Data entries
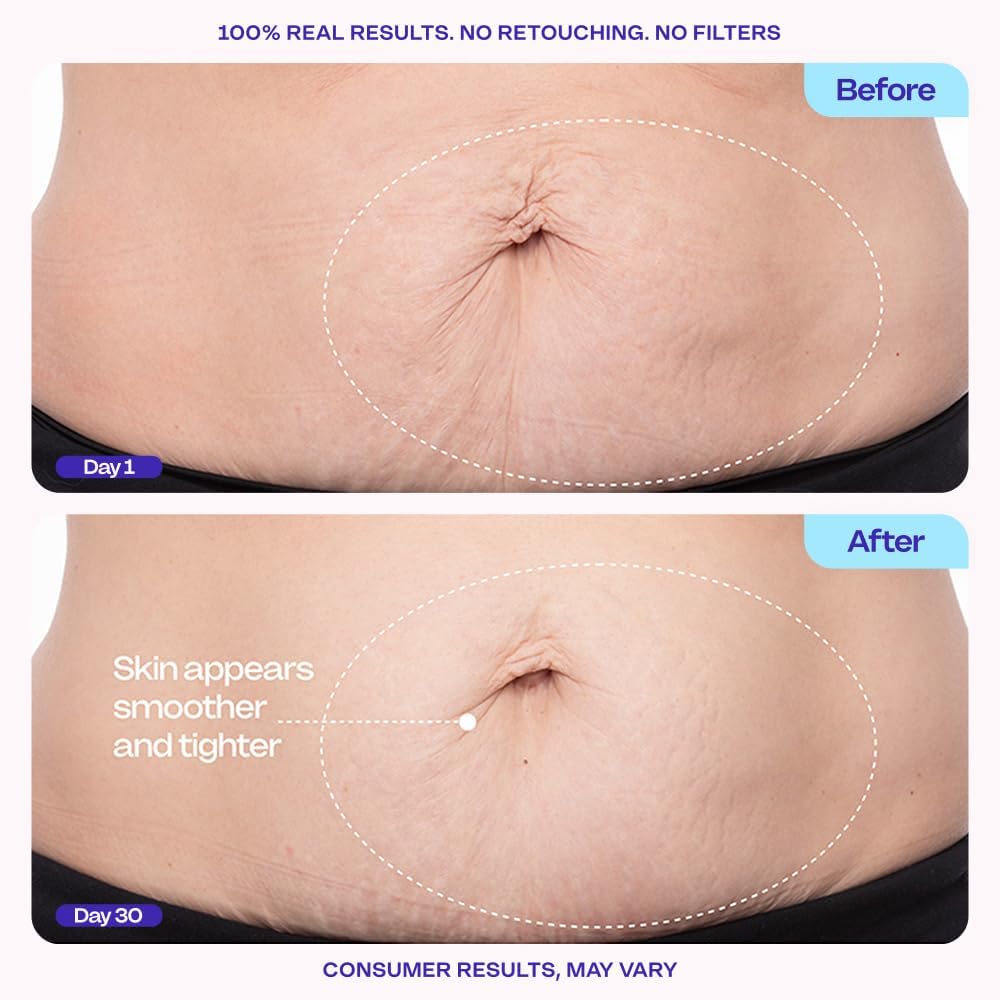 HotGOPURE Tighten & Smooth Belly Cream - Clinically Tested with MicroTight4 Complex to Reduce the Appearance of Cellulite & Stretch Marks - Quick Absorbing for Smoother, Firmer-Looking Skin, 4.25oz
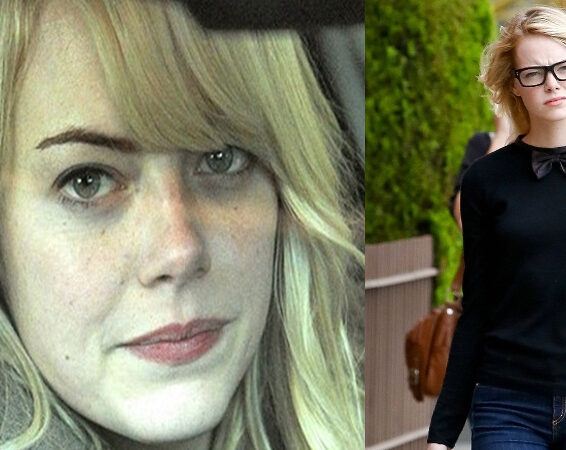 Top 10 Emma Stone Without Makeup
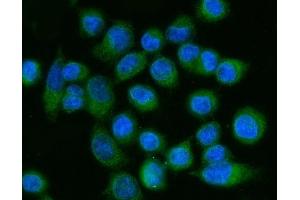 IF analysis of FACL4/ACSL4 using anti-FACL4/ACSL4 antibody (ABIN7602779).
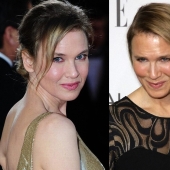 What happened to René Zellweger?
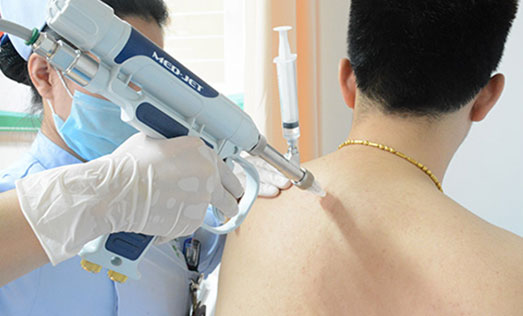 ����ע���Ʒ�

Exercise
Set down exactly, and only, the lines from the one holding "IF analysis of" to the end of the records above, leaving every picture out.

Written reply
 IF analysis of FACL4/ACSL4 using anti-FACL4/ACSL4 antibody (ABIN7602779).
 What happened to René Zellweger?
 ����ע���Ʒ�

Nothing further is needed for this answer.